Nonetheless, integral to colonial narrative is belief in the superiority of European contributions and the absence of any truly important contribution from non-European peoples to Canadian society, except when narrowly defined within examples of successful integration and “up by their bootstraps” stories. After all, if non-European and indigenous contributions were of any real value, wouldn’t we see them everywhere? Instead, all that is good and modern originated in Europe!
Not everyone states this as baldly as Mr. Olsen et al. but the sentiment is nonetheless widely shared. Which is incredibly sad, because Canada will not crumble and fall apart if we become more honest and aware of the history of these lands and the incredible diversity of contributions by peoples from all over the world.
The violence of national myths
A more accurate and less self-serving history, a more honest reality, is ours. It is our birthright, whether we have been in these lands for thousands of years, or arrived yesterday. We are all being denied a real identity, based on more than colonial myths intended to create a national identity out of thin air.
It is not only indigenous peoples who want to reclaim that birthright. There are millions of people living in this country who are trying to come to grips with their own personal histories, which more often than not, fail to accord with the official narrative. Unwed mothers who were pressured into giving up their babies for adoption, finding out that many of these babies were killed and buried instead. Black orphans who were horrifically abused by those who were supposed to protect them. Italians in Canada put into internment camps during WWII, and so very many more who have had to struggle to have their stories heard and believed.
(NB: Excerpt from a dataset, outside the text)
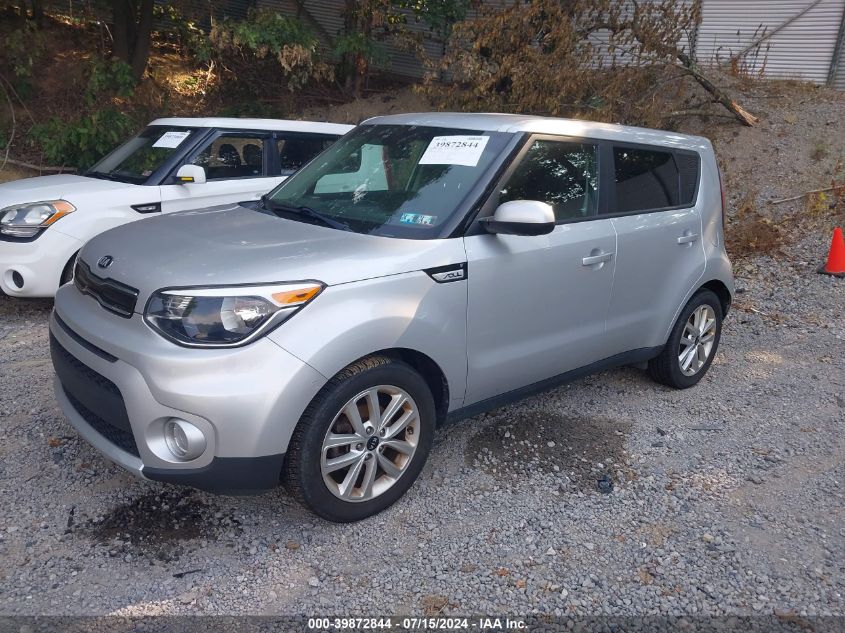 KNDJP3A52J7537408 | 2018 KIA SOUL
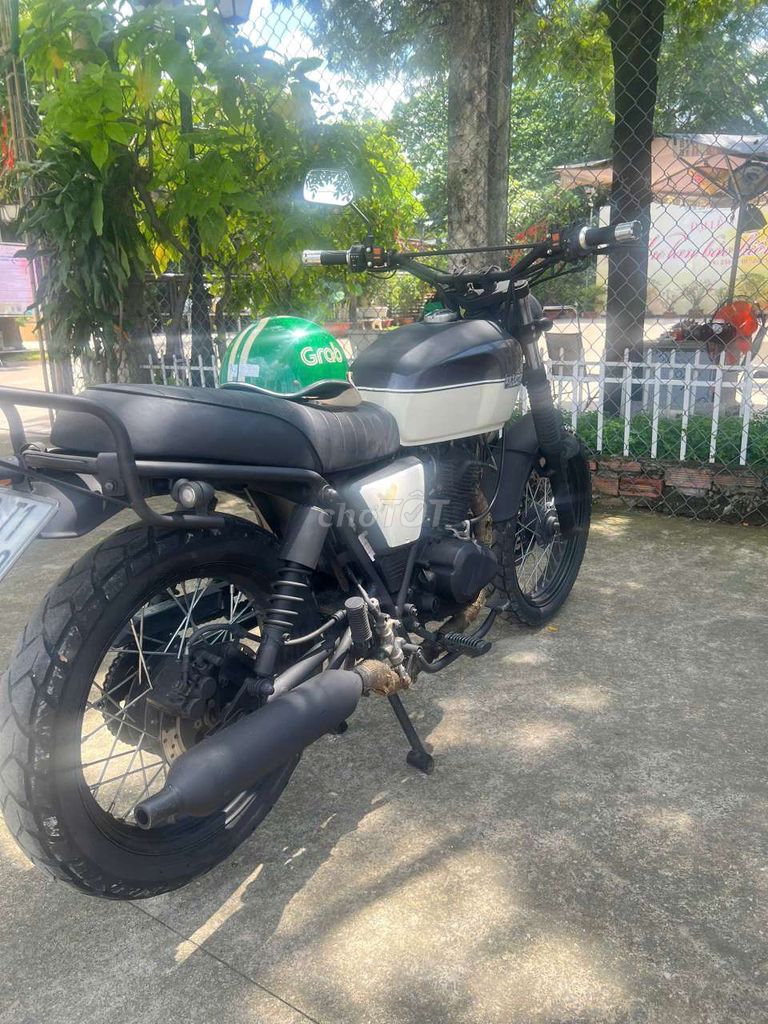 Brixton BX150Fi .phun xăng/đồng hồ điện tử. Mua bán Xe máy tại Quận 7 Tp Hồ Chí Minh được đăng bởi Huy hình 4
These are all horrific stories, and they are only the tip of the iceberg, because most of us have heard only a fraction of them. The violence that national myths commit, is to delegitimize the very real pain that is the legacy of abuse and oppression. When these stories begin to surface, they are often treated as conspiracy theories. Even when incontrovertible proof is discovered, and the information becomes freely available, the overarching Canadian narrative obscures and confuses, splitting these events up into disparate and unconnected “unfortunate incidents.” Most Canadians will learn only a few of these stories, and will be unable to connect them to a wider history of colonialism. This means that nothing can change, as is made so clear in the book Seeing Red, and exemplified in articles like Klassen’s. How can we possibly learn from the past when this country is so invested in whitewashing it?
We all need to work on reclaiming our histories, but this cannot be an individual exercise, it absolutely must be a national one. We must share our histories and learn the histories of others, and our curriculum and media must reflect our evolving understandings.
Right now, indigenous peoples are trying very hard to share our histories. Whether this will create a new chapter in Anderson and Robertson’s research is going to depend on whether or not Canadians are finally willing to listen.